Supaya Tak Ada Lagi Dana ‘Bedah Rumah’ Warga yang Malah Disalahgunakan

JAKARTA - Komisi VIII DPR RI meminta Pemerintah melakukan perbaikan sistem pengawasan terkait penerapan anggaran dalam program bantuan Rumah Tidak Layak Huni (RTLH) bagi warga tak mampu. Hal ini menyusul adanya penyalahgunaan yang dilakukan oleh oknum aparat desa.

Bantuan dana RLTH merupakan bantuan stimulan berupa uang untuk pembelian bahan bangunan guna pemugaran rumah tidak layak huni dari Kementerian Pekerjaan Umum dan Perumahan Rakyat (PUPR) kepada individu, keluarga, kelompok atau masyarakat, khususnya untuk warga tidak mampu.

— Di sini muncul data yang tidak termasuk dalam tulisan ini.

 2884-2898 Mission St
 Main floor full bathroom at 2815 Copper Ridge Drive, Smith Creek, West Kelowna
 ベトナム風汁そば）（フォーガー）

Bantuan dana itu disalurkan melalui Pemerintah Daerah (Pemda).

Pemberian bantuan diberikan dengan kriteria warga yang rumahnya tidak memenuhi persyaratan keselamatan bangunan, kecukupan minimum luas bangunan, dan kesehatan penghuni.

Meski merupakan program Kementerian PUPR, bansos bedah rumah untuk warga kurang mampu yang diberikan itu harus berdasarkan DTKS (Data Terpadu Kesejahteraan Sosial) milik Kementerian Sosial (Kemensos).

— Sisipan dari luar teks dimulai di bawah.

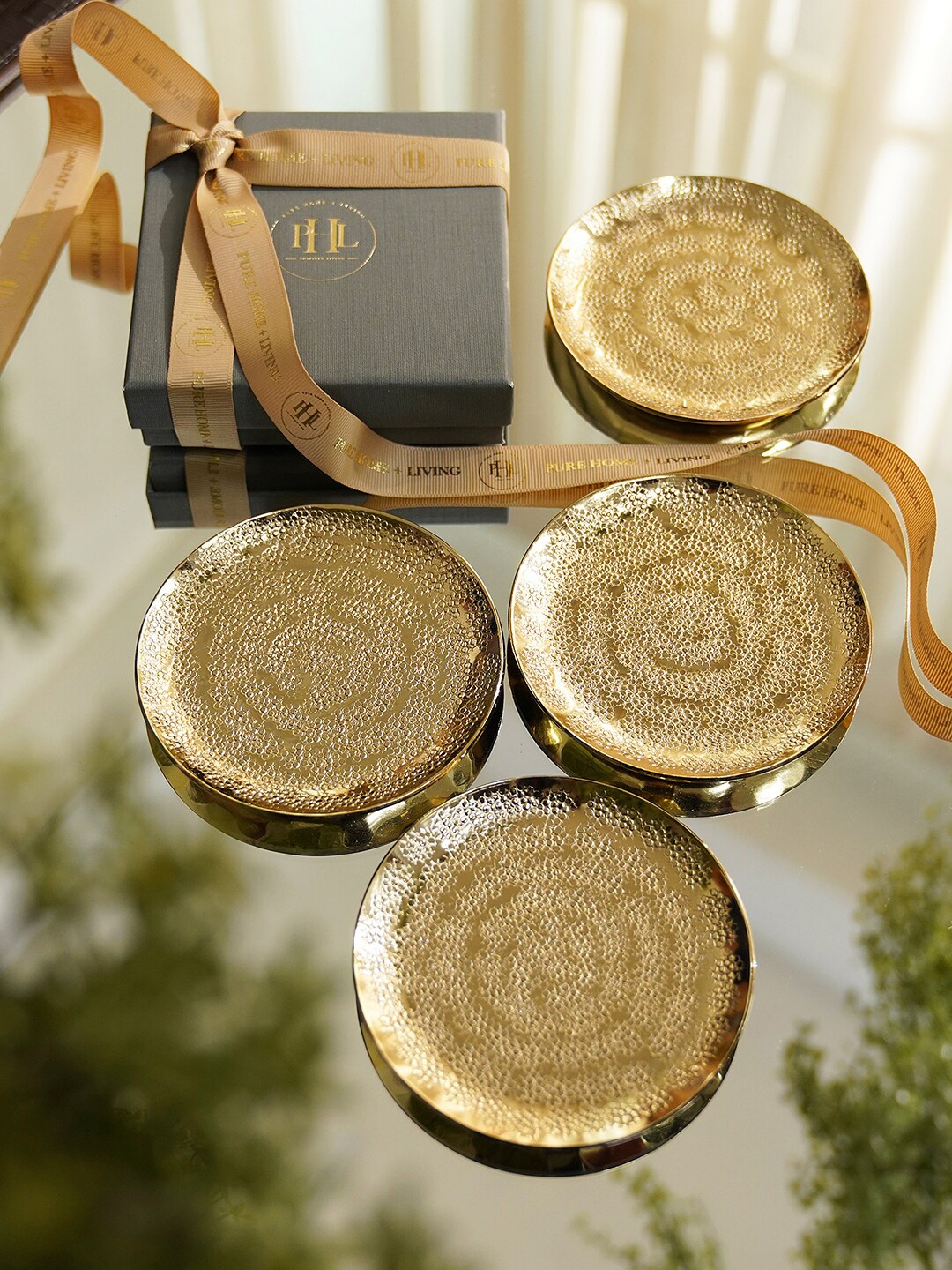 

Pure Home and Living 4 Pieces Hammered Metal Round Coasters, Gold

Anggota Komisi VIII DPR RI, Selly Andriany Gantina mengatakan, hal tersebut perlu dilakukan agar tidak terjadi tumpang tindih pemberian bantuan. Apalagi Kemensos juga memiliki program serupa, yaitu Bansos Rumah Sejahtera Terpadu (RST) yang merupakan kelanjutan dari program sebelumnya berupa Rehabilitasi Sosial Rumah Tidak Layak Huni (RS Rutilahu).

"Kesepakatannya baik itu PUPR dan kementerian atau lembaga manapun yang memiliki program bedah rumah untuk warga miskin maka dia harus berdasarkan DTKS milik Kemensos agar tidak tumpang tindih," terang Selly, Selasa 18 Juli.

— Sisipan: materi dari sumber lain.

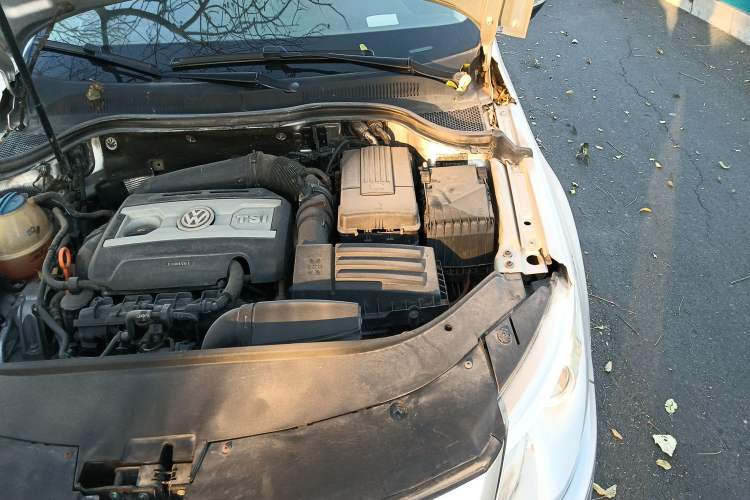 Used Volkswagen CC 2011 2.0 TSI Luxury Edition Engine Bay Left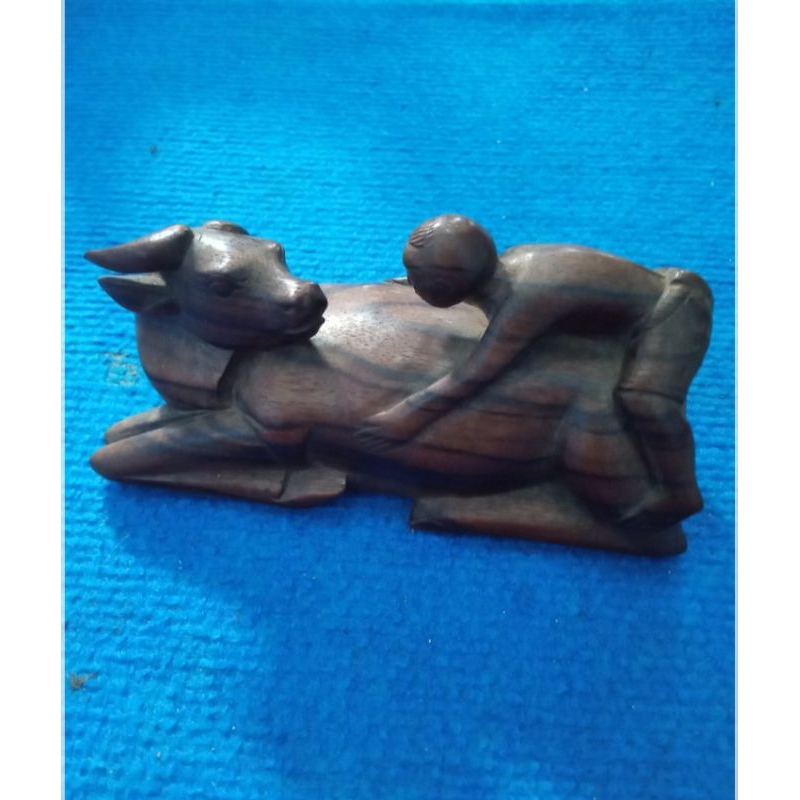 patung kayu kerbau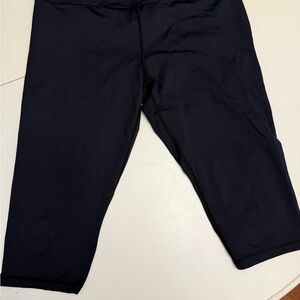 ZYIA Black Activewear Capri Leggings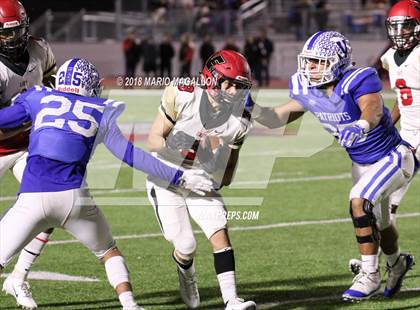 Thumbnail 1 in Victoria East vs Veterans Memorial (UIL 5A Bi-District Playoff) photogallery.
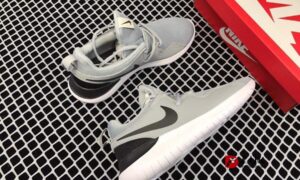Nike Wmns Nike Rosherun 伦敦4代跑步鞋出货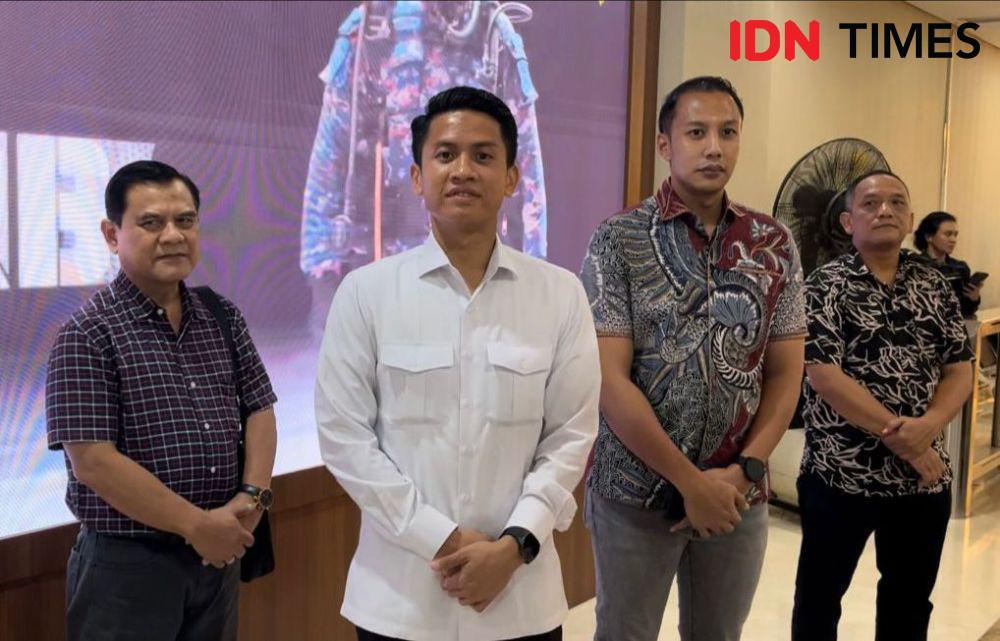 Keluarga Bawa Ijazah Asli Jokowi ke Bareskrim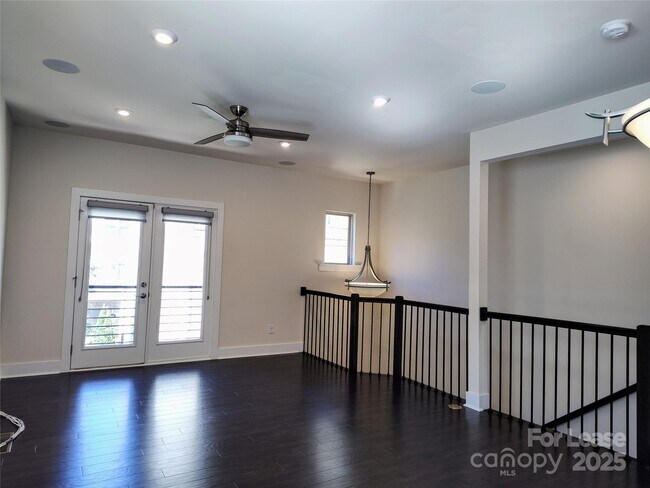 Foto del edificio - 13031 Tinton Ave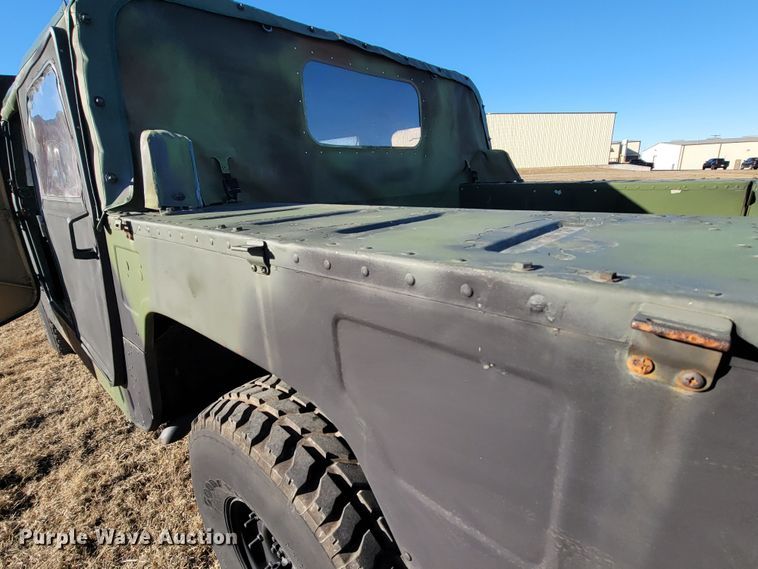 image for item HG9368 2006 Am General M1097R1 HMMWV Humvee SUV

"Kemudian acuan untuk pembangunannya pun harus sama seperti RST dari Kemensos agar tidak ada perbedaan. Selama ini yang dari PUPR jadi ditenderkan sehingga rentan disalahgunakan oleh oknum perangkat daerah, sementara kalau program dari Kemensos uang langsung masuk ke rekening penerima," lanjutnya.

Dalam program RLTH, Kepala Desa (Kades) biasanya ditugaskan Pemda untuk ikut memantau, mulai dari pencairan dana hingga pelaksanaan rehabilitasi rumah warga yang mendapat bantuan. Namun belakangan banyak ditemukan penggelapan dana bansos RLTH untuk masyarakat yang dilakukan oknum Kades.

Peristiwa korupsi program bantuan rumah tidak layak huni di antaranya terjadi di Bekasi di mana oknum Kades ditangkap karena menyelewengkan dana sebesar Rp235 juta. Kasus serupa juga pernah terjadi pada tahun 2021 di Bogor, Jawa Barat, yang berujung seorang oknum Kades ditahan karena korupsi sebesar Rp110 juta.

Sementara itu, seorang mantan Kades di Boyolali diseret ke Pengadilan karena diduga melakukan tindak pidana korupsi dana bantuan program RTLH dengan modus memotong dana bantuan. Total nilai kerugian negara mencapai Rp 164 juta.

“Jangan mengambil hak rakyat kecil, apalagi warga yang membutuhkan. Program RLTH ini kan bertujuannya untuk membantu mengentaskan kemiskinan ekstrim yang ranahnya Kemensos. Jadi perlu melibatkan Kemensos sehingga penyalurannya pun tepat," papar Selly.

"Penggunaan anggaran bantuan seharusnya harus diawasi oleh Pendamping Program Keluarga Harapan (PKH) dan Tenaga Kesejahteraan Sosial Kecamatan (TKSK), seperti yang dilakukan oleh Kemensos. Nah yang dari PUPR ini pengawasannya harusnya lebih detail supaya tidak gampang disalahgunakan,” tuturnya.

Meski ada sejumlah kasus korupsi, Selly menilai program bansos bedah rumah di daerah-daerah harus tetap dijalankan. Sebab bantuan rehabilitasi rumah tidak layak huni itu sangat membantu masyarakat untuk tinggal di hunian yang layak.

“Bantuan bedah rumah dibuat untuk mewujudkan rumah layak huni yang didukung dengan prasarana, sarana, serta utilitas umum sehingga menjadikan rumah yang sehat, aman, dan dengan sanitasi yang baik,” ujar Selly.